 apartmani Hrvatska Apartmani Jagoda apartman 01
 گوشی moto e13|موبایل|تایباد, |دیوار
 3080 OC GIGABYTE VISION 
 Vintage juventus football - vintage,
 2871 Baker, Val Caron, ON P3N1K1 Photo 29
...
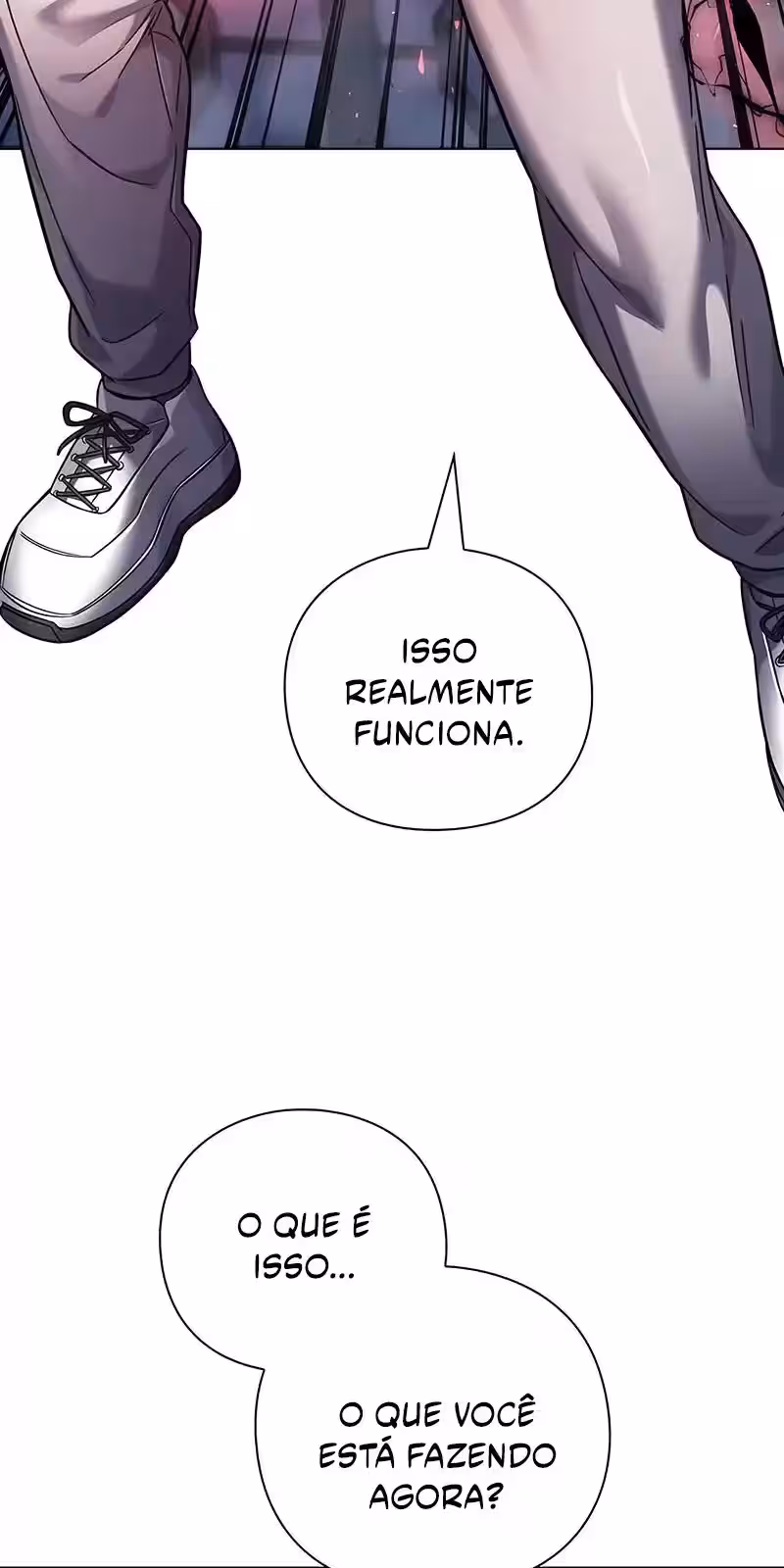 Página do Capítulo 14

EXERCISE REQUIREMENTS
Begin at the line that has "apartmani Hrvatska Apartmani" in the entries above; stop after the line that has "2871 Baker, Val Caron, ON P3N1K1 Photo 29". Transcribe exactly those lines and no others.

WRITTEN RESPONSE
 apartmani Hrvatska Apartmani Jagoda apartman 01
 گوشی moto e13|موبایل|تایباد, |دیوار
 3080 OC GIGABYTE VISION 
 Vintage juventus football - vintage,
 2871 Baker, Val Caron, ON P3N1K1 Photo 29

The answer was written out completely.